Da oggi è in libreria il nuovo romanzo di Domenico Conoscenti, “Manomissione”, pubblicato dalle edizioni Il ramo e la foglia. Lo scrittore palermitano – già autore di “La stanza dei lumini rossi”, “Quando mi apparve amore”, “Qui nessuno dice niente”, “I neoplatonici di Luigi Settembrini” e “Intimo paradiso” – torna con una storia ambientata in un Paese guidato da un governo di ispirazione clericale, che si avvia verso politiche autoritarie. C’è l’indagine su un assassinio e, sullo sfondo, le violenze compiute dalle forze dell’ordine nel corso di una manifestazione. Per gentile concessione dell’editore e dell’autore proponiamo un estratto dal secondo capitolo: l’intervento iniziale della voce in prima persona, che integra la trascrizione dell’interrogatorio di apertura.

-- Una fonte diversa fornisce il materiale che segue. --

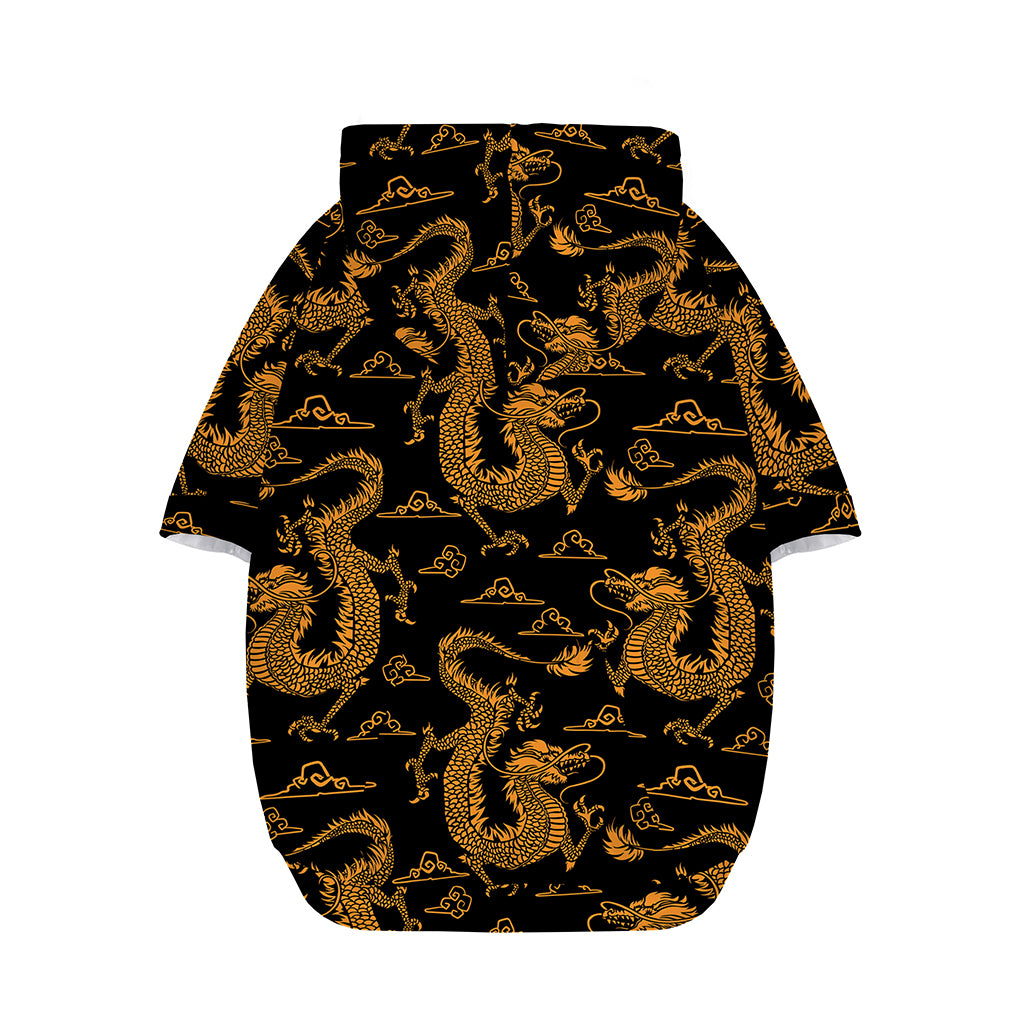 Eastern Dragon Pattern Print Dog Zip Up Hoodie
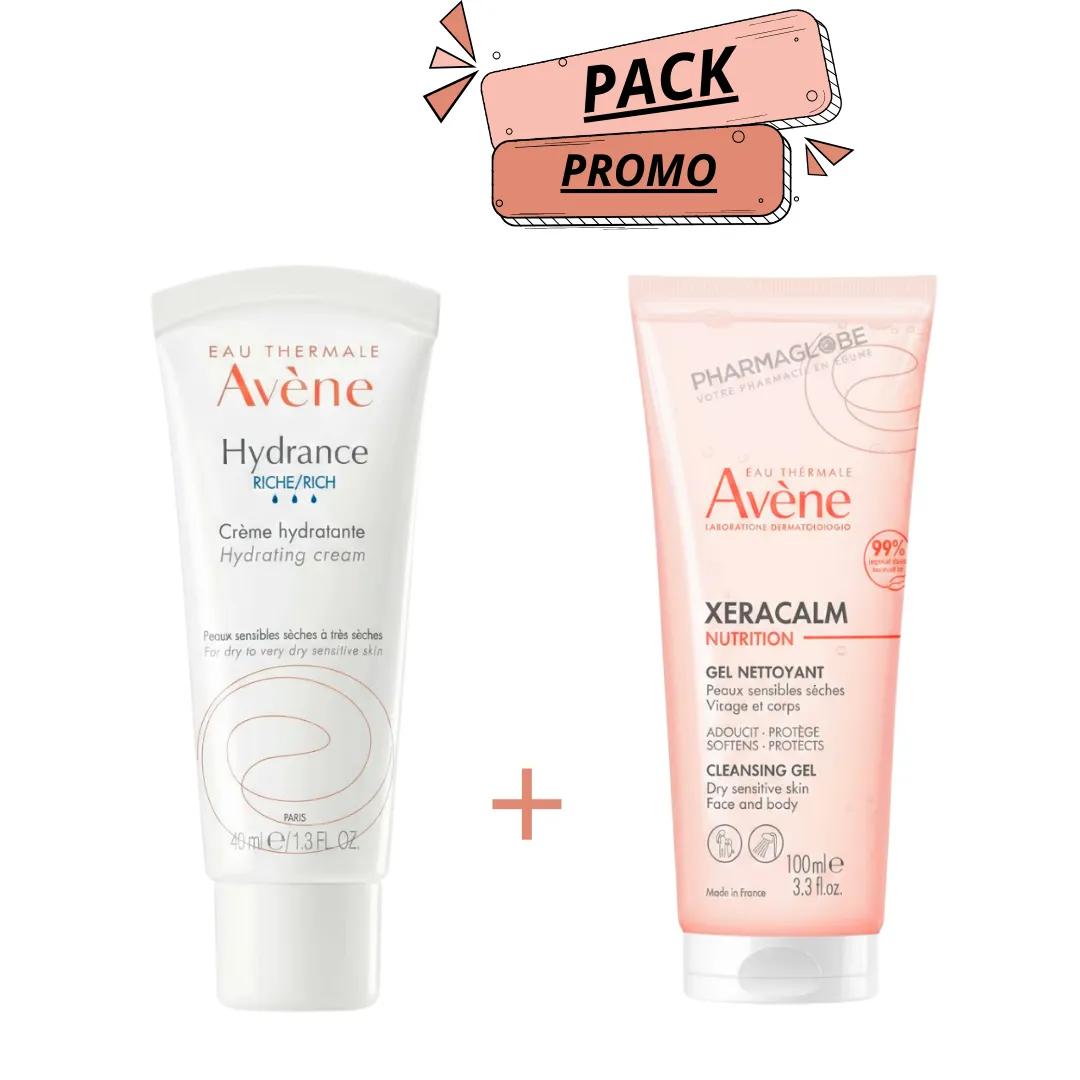 Avène Avene Hydrance Riche 40ml + Avene Xeracalm Gel Nettoyant 100ml Pack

Cap. 2° – La scena del delitto
Potrebbe essere iniziato tutto nel mezzo di una tempesta solare, o di una bufera da fine del mondo, con i boati a ripetizione dei tuoni e il reticolo sempre nuovo dei fulmini che disturbano le trasmissioni in corso fino a interromperle di colpo. E un sibilo lunghissimo, distorto e perforante, simile a quello che i tecnici chiamano “effetto Larsen”.
Quel fischio deve essermi riecheggiato nella scatola cranica fino a quando il sonno, dopo smagliature ricucite sempre peggio, si è lacerato in maniera irreparabile per abbandonarmi alle onde di una nuova trasmissione, quella che viene intesa dai più come “realtà”. Sbarro gli occhi. Avverto qualcosa di anomalo mentre sto per girarmi controvoglia sul fianco. Balzo a sedere sul letto. Qualcosa di strano c’è in effetti. Di orribile. Accanto a me è disteso qualcuno che non è Gabriele. E ha la gola squarciata. Sul display giallo della radiosveglia risplende in viola 03:56.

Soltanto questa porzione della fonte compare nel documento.